Andreas Winkelmann wrote:
On Monday 29 January 2007 15:59, Alexey Melnikov wrote:
Thanks for the answer.
In another list someone shows an Error-Message from the digest-md5 Plugin:
"xxx: realm changed: authentication aborted".
I would like to get more information on this error. This error message
is a good indicator that the client is broken.
*Shall happen with Outlook 2007 and something which is called "40tude".* I've
none of them. Maybe someone else can test this?

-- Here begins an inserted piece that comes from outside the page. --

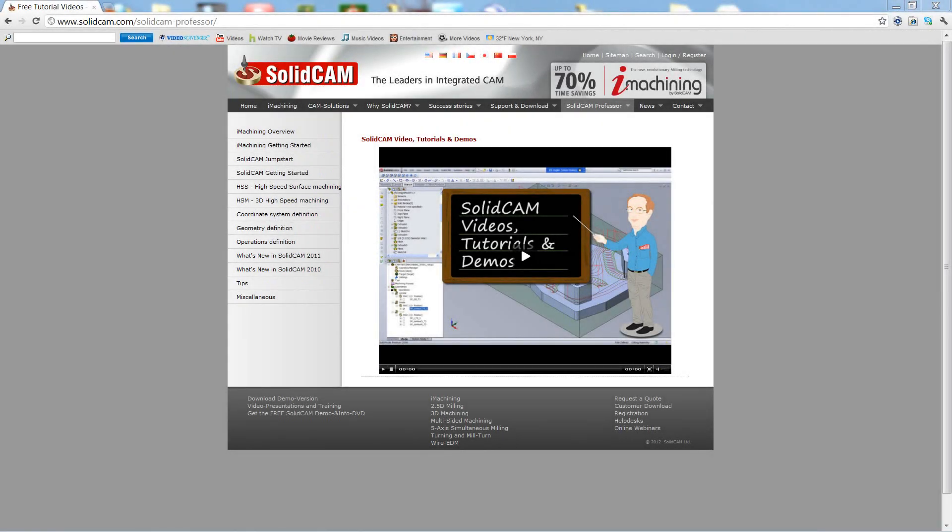Welcome to SolidCam Professor. I'm Sidney, a SolidCam Professor with one of many videos available to you 24 hours a day, 7 days a week.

This happens if the Realm (Server->Client) in Step 1 is diffrent from the
Realm (Client->Server) in Step 2.
In RFC 2831 the Description of the Realm out of Step 2 is described as:
realm
The realm containing the user's account. This directive is
required if the server provided any realms in the
"digest-challenge", in which case it may appear exactly once and
its value SHOULD be one of those realms. If the directive is
missing, "realm-value" will set to the empty string when computing
A1 (see below for details).
The Value in Step 2 "SHOULD" be one of the Values passed in Step 1.
The "SHOULD" is realized as a "MUST" in Cyrus-SASL. Is this really ok or
is this something which should better be changed?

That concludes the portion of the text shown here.